Hiren Bhartu

Personal information
- Nationality: Canadian
- Born: 14 May 1958 (age 68) Fiji

Medal record
Representing Canada
World Outdoor Championships
| Bronze medal – third place | 2008 Christchurch | Men's triples |

= Hiren Bhartu =

Canadian bowls player

Hirendra Bhartu (born May 14, 1958) is a Canadian professional indoor and lawn bowler from Suva, Fiji. He has won twenty nine Canadian national titles from 2005 to 2019 in Men's Singles and Mens Pairs as well as Mixed Pairs.14 titles with BCB competition and 15 titles with Professional Bowls Canada.

==Bowls career==
Hirendra began his lawn bowling career at Nanaimo Lawn Bowling Club in 1995. In 2006, after honing his talent for indoor bowls at the Pacific Indoor Club in Vancouver, BC, he catapulted onto the international lawn bowling scene by soundly defeating his Canadian counterparts in all 4 of the Canadian PBA qualifiers in order to play in the World Bowls Tour. This accomplishment allowed him to compete with some of the finest lawn bowlers in the world in 4 prestigious events; the Scottish International Masters in Perth Scotland, Potters World Indoor Singles, and the Engage International Open,

Hirendra Represented Canada at the 2008 World Outdoor Bowls Championship held in Christchurch, NZ, winning a bronze medal.

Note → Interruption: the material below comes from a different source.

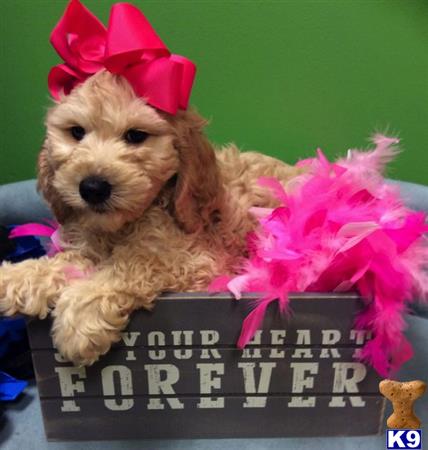 goldendoodle puppies jacksonville fl mixed breed puppy for sale maltapoos goldendoodles morkies maltese mix p 5 months goldendoodle puppies jacksonville fl mixed breed puppy for sale maltapoos goldendoodles morkies maltese mix p 5 months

Hirendra went on to represent Canada at the 2010 Commonwealth Games, Delhi as vice on the men's triples team. The team did not make the play-offs.

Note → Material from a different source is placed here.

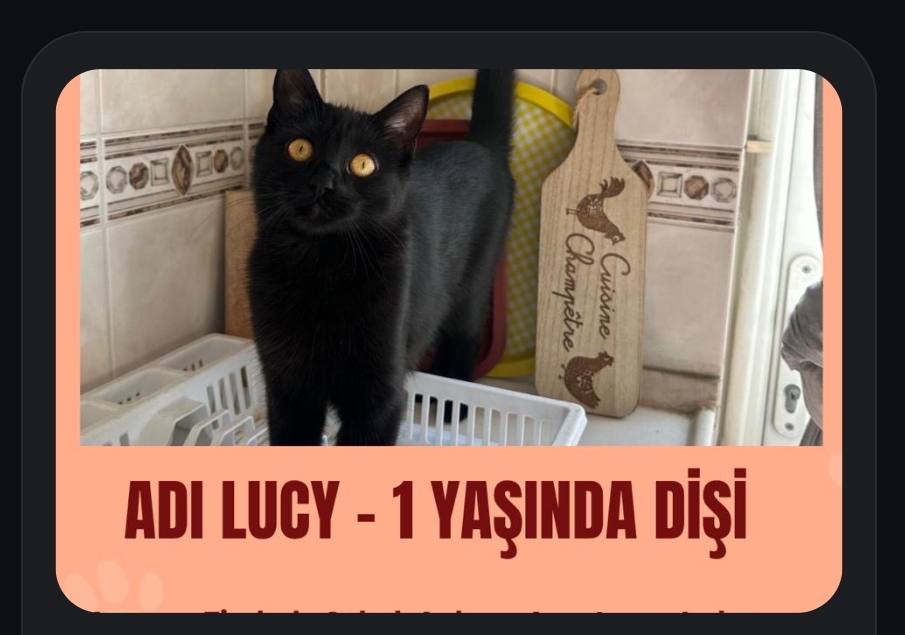 LUCİ - SİYAH DİŞİ KEDİ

Hirendra is currently bowling as a member of Bowls BC out of the North Island Zone on Vancouver Island. In 2015 Hirendra won the BC Provincial Championship in Men's Pairs (4th win) and Mixed Pairs (5th win).

In 2022, he qualified to represent Canada at the 2022 World Bowls Indoor Championships. The event had been cancelled in 2020 and 2021 due to the COVID-19 pandemic.